Das Sammelalbum

Die Sonne steht hoch am Himmel. Kleine Schäfchenwolken schippern langsam und gemütlich vorüber. Es duftet nach Hagebuttenplätzchen. Und ein kleines Radio verströmt blecherne Gute-Laune Musik. Das Küchenfenster des kleinen Hamsters steht weit geöffnet. Er hat gerade seine Kekse zum abkühlen aufs Fensterbrett gestellt. Summend und wippend steht er an der Küchenspüle. Das frisch abgewaschene Geschirr steht rechts zum trocknen und das Spülbecken wischt er gerade sauber. Mehl, Zucker und Backpulver - alles wird ordentlich verstaut. Alles hat seinen Platz. Und auch die kleinen Kekse werden später in einer hübschen Kiste aufbewahrt.

Zustimmend nickt er sich selber zu: „Ja, so ist es fein. Jetzt bin ich hier fertig “

Tänzelnd bewegt er sich zum Küchentisch. Der Wind scheint es ihm nachmachen zu wollen. Eine sachte Brise kommt zum Küchenfenster hinein und weht seine auf dem Tisch liegenden Papiere durcheinander.

„oh je - oh je - Halt!
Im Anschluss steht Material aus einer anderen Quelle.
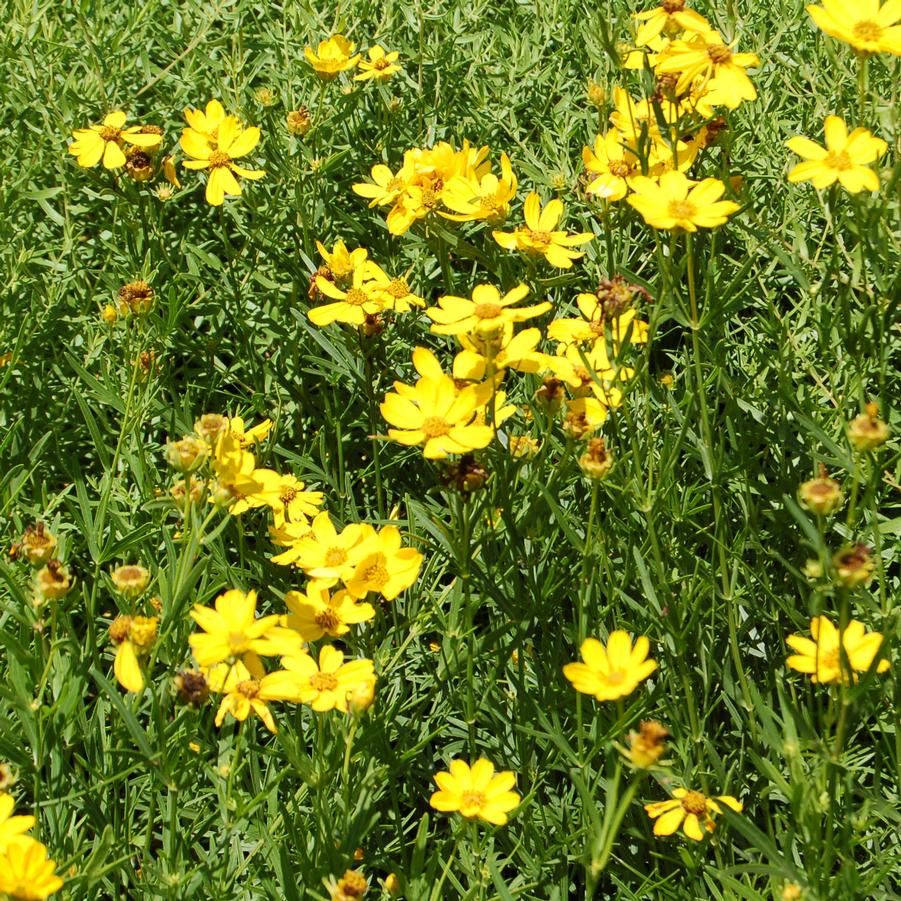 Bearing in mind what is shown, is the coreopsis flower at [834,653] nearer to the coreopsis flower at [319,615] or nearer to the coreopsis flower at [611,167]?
the coreopsis flower at [319,615]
Das brauche ich doch noch.“

Etwas unbeholfen aber flink genug, griff er nach seinen Papieren. Und er breitete sie wieder auf dem Tisch aus.

Neben kleinen getrockneten Blütenblättern, merkwürdig aussehenden Pappfigürchen und beschrifteten Kärtchen, steht auch eine Flasche Kleber und ein großes Sammelalbum bereit. Das Album sieht ganz hübsch aus. Es hat einen hellblauen Einband mit großen bunten Punkten darauf.
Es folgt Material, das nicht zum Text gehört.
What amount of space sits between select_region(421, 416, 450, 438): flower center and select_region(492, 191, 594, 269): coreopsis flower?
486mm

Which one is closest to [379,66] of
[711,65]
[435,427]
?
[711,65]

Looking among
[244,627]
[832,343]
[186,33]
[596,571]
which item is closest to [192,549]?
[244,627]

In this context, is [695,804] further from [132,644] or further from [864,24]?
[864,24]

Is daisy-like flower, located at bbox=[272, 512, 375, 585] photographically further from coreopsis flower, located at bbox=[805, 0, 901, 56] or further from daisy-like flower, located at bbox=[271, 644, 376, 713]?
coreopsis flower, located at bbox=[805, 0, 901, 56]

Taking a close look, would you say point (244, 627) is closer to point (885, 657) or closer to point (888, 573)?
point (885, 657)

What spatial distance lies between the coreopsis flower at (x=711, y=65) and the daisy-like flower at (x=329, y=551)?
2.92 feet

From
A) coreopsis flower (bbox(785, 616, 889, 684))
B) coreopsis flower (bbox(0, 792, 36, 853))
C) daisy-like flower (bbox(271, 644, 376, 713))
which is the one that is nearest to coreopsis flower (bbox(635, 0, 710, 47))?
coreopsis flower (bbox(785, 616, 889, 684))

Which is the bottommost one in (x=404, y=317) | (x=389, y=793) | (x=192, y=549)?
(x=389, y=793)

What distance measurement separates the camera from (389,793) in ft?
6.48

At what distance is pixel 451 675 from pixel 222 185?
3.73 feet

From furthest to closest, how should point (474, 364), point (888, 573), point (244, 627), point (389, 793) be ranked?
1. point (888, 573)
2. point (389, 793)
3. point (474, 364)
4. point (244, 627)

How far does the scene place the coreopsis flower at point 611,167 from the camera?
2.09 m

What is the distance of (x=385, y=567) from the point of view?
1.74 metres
Aber es ist ein besonderes Album. Eins in das die Verzweiflung über das ‚Nicht-Verstanden-werden’ eingeklebt wird, wie ein hübsches Blatt, das man gefunden hat. Oder in dem die abgesprochene Empfindung, wie ein seltenes Fundstück, hineingelegt wird. Aber auch andere abstruse Dinge finden sich hier: Wie die Erzählung über eine Wolke, die wie ein Dino ausgesehen hat oder der Baumfreund, den man vielleicht als Kind hatte.

Der kleine Hamster sortiert hier Erfahrungen, die er eigentlich gar nicht so recht gebrauchen kann. Es macht sie nicht ungeschehen. Aber somit trägt er sie nicht mehr dauernd mit sich herum. Das heißt nicht, dass sie nicht mehr weh tun. Aber sie hören auf, eine offene Wunde zu sein.

Eine leere Seite liegt bereits aufgeschlagen vor ihm, aber der kleine Hamster blättert trotzdem noch einmal darin.

„Hm.. ach schau, da hat man mir erklärt, dass ich niemals jemand sein werde “

Er strich mit dem Finger über ein kleines Stück Stoff, dass er vor langem mal ins Album hineingeklebt hat.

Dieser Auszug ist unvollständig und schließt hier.